Sci alpinismo | lunedì 12 marzo 2018

Epic Ski Tour: la seconda edizione è un successo, vittorie per Boscacci e Kreuzer

Si è conclusa la seconda edizione della gara a tappe di sci alpinismo che unisce le valli di Fiemme e Fassa

Il concetto figurato di “epico” si riferisce a “qualcosa di leggendario rispetto alle ordinarie capacità umane”, e domenica, a Passo Pordoi in Val di Fassa (TN), i concorrenti provenienti da dieci nazioni della seconda edizione de “La Sportiva Epic Ski Tour” hanno messo in scena una prova scialpinistica ardita tra vento, neve, nebbia e condizioni che non hanno avuto davvero nulla da invidiare alle narrazioni sportive più grandiose.

Michele Boscacci è stato il vero protagonista, vincendo tre tappe su tre (quest’ultima con il brivido…) e portandosi a casa una buona fetta (7.000 euro) del montepremi totale di 46.000 euro, più del triplo di quanto incassato quando vinse la Coppa del Mondo overall. Spettacolare tris anche per la campionessa al femminile Victoria Kreuzer (7.000 euro anche per lei…), la quale per un soffio non ha potuto festeggiare sul gradino più alto del podio assieme al compagno Martin Anthamatten, autore di una incredibile rimonta ma non abbastanza da superare il rivale Boscacci, partito con un buon margine.
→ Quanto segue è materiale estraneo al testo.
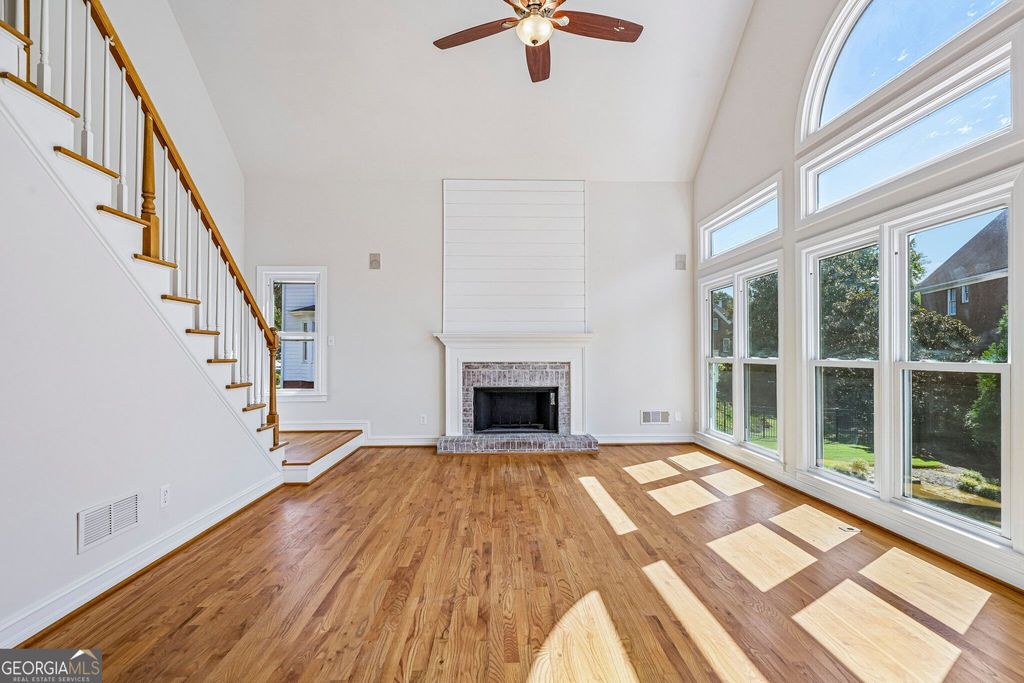 5156 Broadgreen Drive, Peachtree Corners, GA 30092 — photo 3
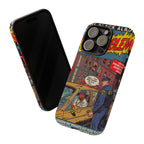 99 Problems - Tough Phone Cases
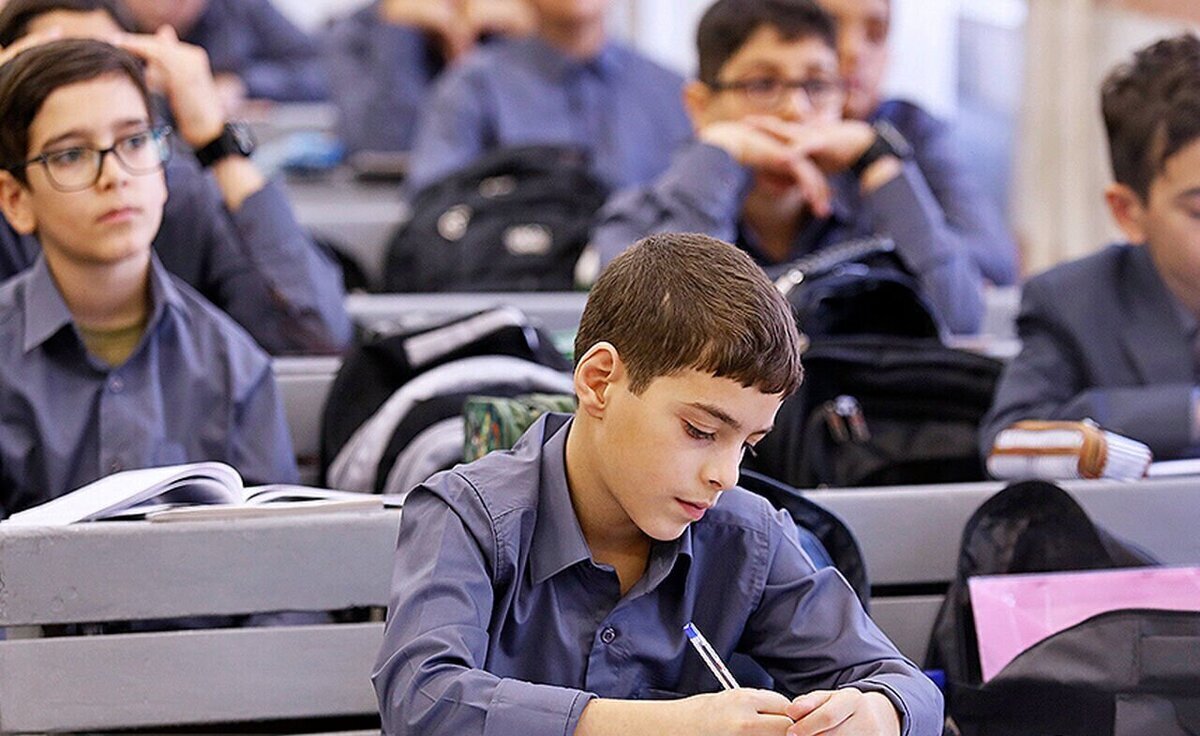 اطلاعیه جدید آموزش‌و‌پرورش درباره امتحانات دانش‌آموزان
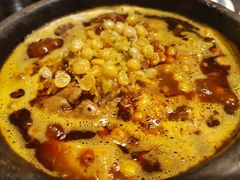-拈菜(观音桥阳光世纪店)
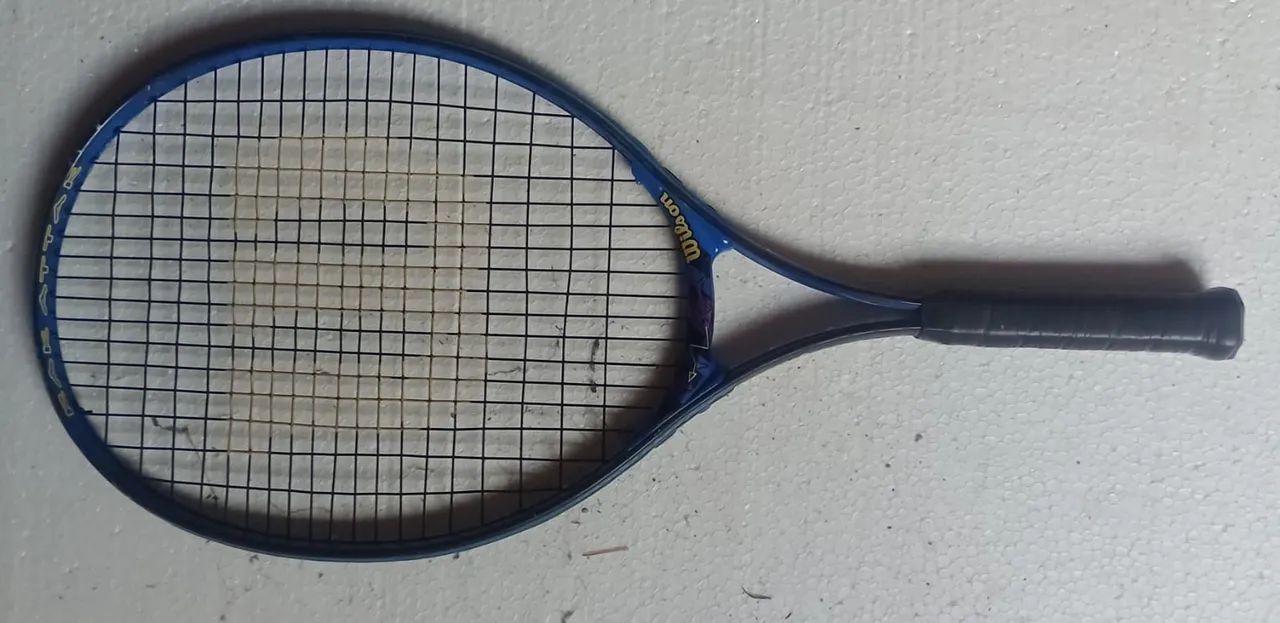 Raquete tenis  - Foto 4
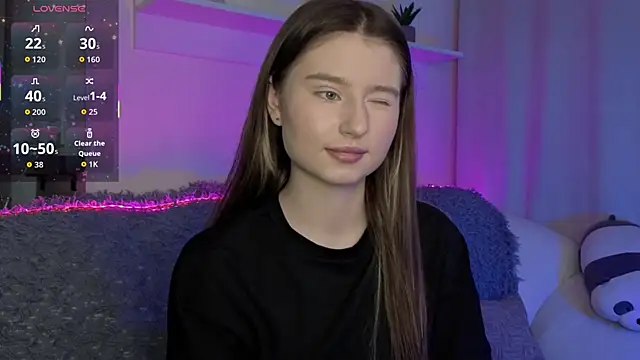 _Lua__'s Live XXX Chat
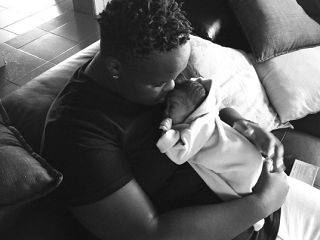 What’s Hot: Heavy K: My son reminds me of my mother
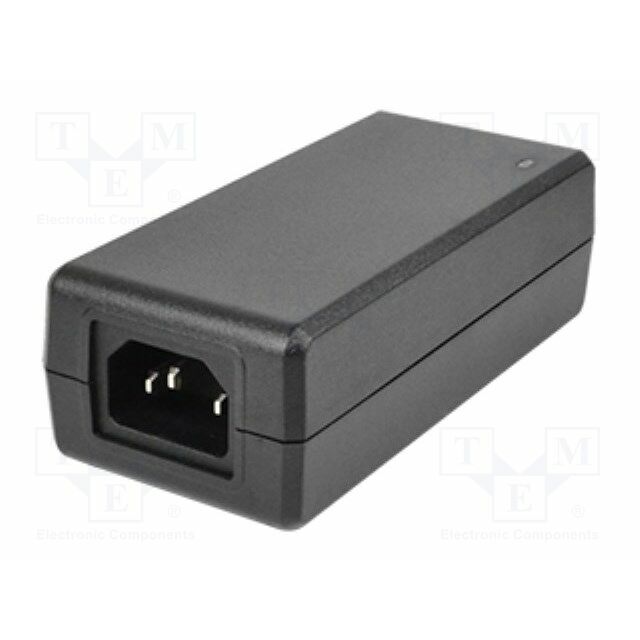 Power supply: switching; Iout max: 2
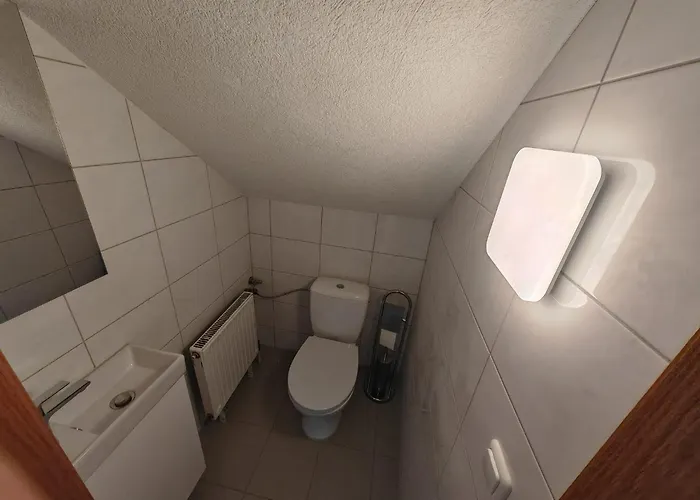 Appartement Am Bach *
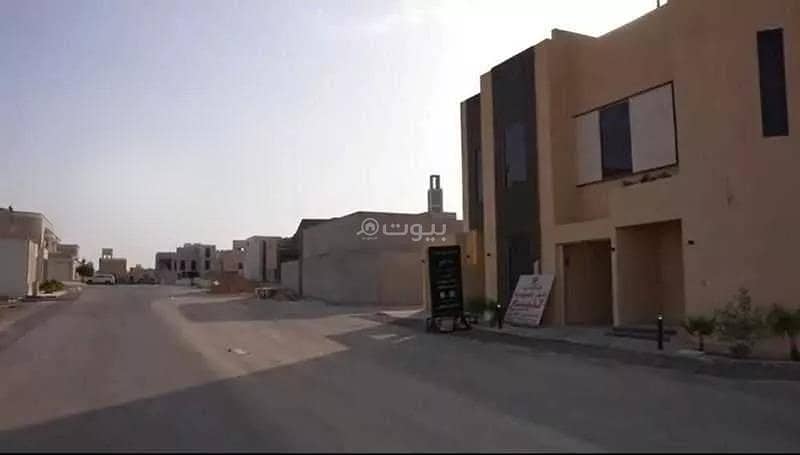 Villa for sale in  Al Mahdiyah, West Riyadh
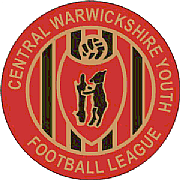 Warwickshire Association of Youth Clubs logo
Le modifiche al percorso a causa delle incerte condizioni meteo non hanno impedito ai concorrenti di cimentarsi sull’ottimo tracciato allestito da Oswald Santin, con partenza ed arrivo ai 2240 metri di Passo Pordoi dopo aver affrontato 9.5 km e 830 metri di dislivello, fra vie forestali e il Pian Schiavaneis, ai piedi dei due spettacolari passi dolomitici Sella e Pordoi. Diciannove secondi separavano Boscacci da Werner Marti alla partenza, determinanti ai fini del risultato finale, ma non su quest’ultimo bensì su una delle leggende della montagna Martin Anthamatten, bravo a presentarsi davanti a Marti al cambio pelli del primo dei due giri previsti. I rilievi cronometrici lo davano in netto recupero, ma Boscacci si stava preservando per la seconda tornata, gestendo alla perfezione il vantaggio ed andando a trionfare, seppur di poco, su Anthamatten: “Sono partito subito all’attacco, Marti mi ha preso in cima alla prima salita e in discesa siamo rimasti lì anche perché ho sbagliato qualche traiettoria, giocandomi tutto sulla seconda salita, stringendo i denti e guadagnando terreno evitando di commettere errori. Sono soddisfatto di queste mie prove, e stupito dalla macchina organizzativa di una gara impeccabile, nulla viene lasciato al caso. È ancora una gara giovane, ma se si continua di questo passo e ci si crede sarà una gara che farà numeri da capogiro in futuro, l’Epic Ski Tour deve solo farsi conoscere”.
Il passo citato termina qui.